Friday, December 10, 2010

What Our Generation Goes Through: An Analogy

I like to think that much of what the current leadership has been allowed to put my generation through is simply due to voters not quite understanding what they are voting on. Just in case that is true, I thought of an analogy to illustrate my frustration.

You’re sitting in a restaurant with a group of politicians who of course are planning to order the most expensive things off the menu. With how much more they make than you do, you figure they can probably afford it.

“I’ll take a stimulus to help my friend here,” the one just to your left announces to the waiter. To you he adds, “Most of it won’t actually stimulate much of anything aside from the pockets of those paying me on the side. But I may or may not let you have a few bites too.”

“Oh,” you answer. “Well, uh, thanks I guess.”

“And I’ll take some socialized medicine,” the one on your far left says. “It may cause an industry collapse, a loss of quality, and, to be honest, it’ll require you to buy premiums later, but for a short while if you ignore how much we’ll be taxing you to start, maintain and later fix it, it’ll appear that you’re paying less.”

“Are you sure?” you ask, thinking that this sounds like a pretty terrible option.

The politician on your far left waves a hand, “Of course I’m sure.

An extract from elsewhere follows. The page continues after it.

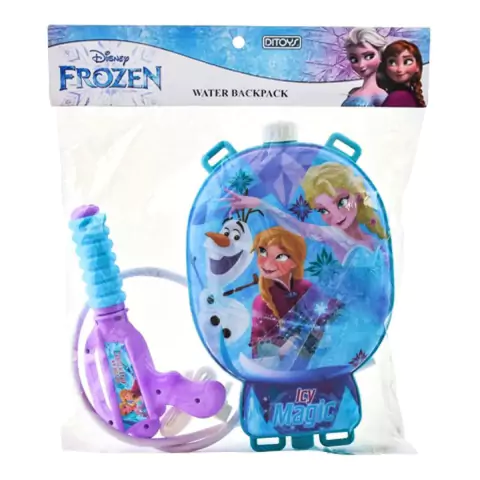 PISTOLA LANZA AGUA FROZEN CON MOCHILA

And you should be sure too. Thanks to your generosity, everyone will get delayed, low-quality, bureaucrat-regulated care, provided that they are willing to sit patiently on the waiting list. That’ll be a huge improvement from having the option of some of the highest-quality care on earth and emergency care for anyone who needs it no matter their socioeconomic or insurance statuses. There are some people who can’t afford insurance right now or aren’t prioritizing it, so it’s best we charge those who have more so that these people can receive it anyways.”

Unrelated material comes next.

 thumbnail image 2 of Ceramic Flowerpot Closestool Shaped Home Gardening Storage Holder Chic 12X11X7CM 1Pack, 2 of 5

“Wait,” you stumble over that train of thought. “ I don’t really think that sounds like a good idea. There are plenty of better options that will help more people obtain insurance at more competitive rates without costing the American taxpayer so much and…”

The politician cuts you off. “I wouldn’t let those options get printed on the menu.” He snapped it shut and handed it to the waiter who had finished jotting down his order by now. “So, since this is now the only option people can choose if they want an improvement at all, that’s what I’ll have.”

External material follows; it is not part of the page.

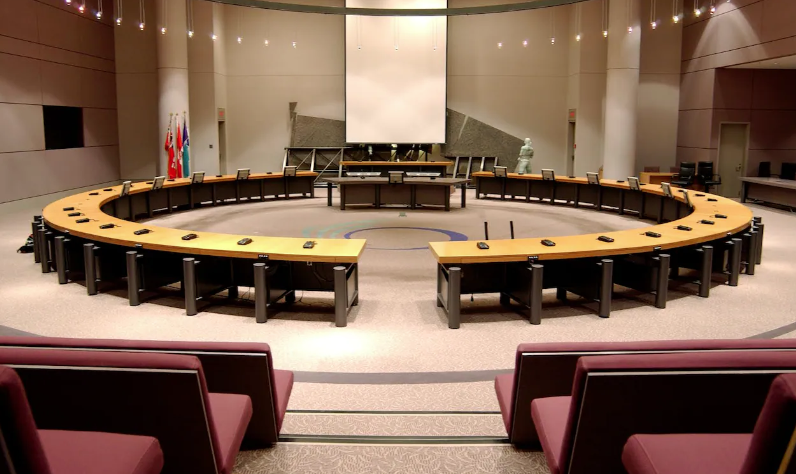 The Ottawa City Council chamber.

You frown, but now that the waiter’s written it down, it’s out of your hands. You decide to let your political friend buy what he wishes to buy. It’s his bloated salary. “I’ll take the job option,” you tell the waiter.

“I could look,” the waiter says. “But the stimulus and health care options being ordered tonight have depleted the restaurant's supply of ingredients, so it's likely that we're out.”

“Oh,” you scan through the menu again. “Ok well I guess I’ll take the college education. Are there any of those left?”

“Sure,” the waiter said, jotting that down. “But the price on the menu is a minimum estimate and the dish may or may not come with all of the ingredients it used to.”

“Will it have ideological diversity and tolerance? I feel like that’s an important when earning an education, you know?”

“Nope.”

“Oh.”

The waiter clears the other menus off the table, since the friends on your right don’t have the authority to order anything. “It comes with a side of student fees to buy mopeds for the football team and fund certain student groups and ethnic groups over others according to the Chef’s tastes,” the waiter adds.

You shake your head. “Can I not get the side? I don’t really think I’d end up eating any of that anyways.”

“Sorry, it comes with the college education option.”

“Oh,” you sigh. “Fine.”

The waiter tallies it up. “Here’s your estimated bill for now.”

“Wait, what?” you ask, surprised. “I haven’t even gotten my order yet. And these guys are paying for their own right?” you glance to your left for confirmation.

The politicians shrug. “You’re the one with the wallet. We just serve your needs.”

“Serve my…” Then it dawns on you. “What?? Well I can’t afford all of this! I don’t even want it. And since I haven’t seen any results yet anyways, I should have to pay.”

“Sorry,” the waiter hands you your bill. “Results or not, you agreed to pay when your parents and friends invited these guys to dinner with you. Cash or check?”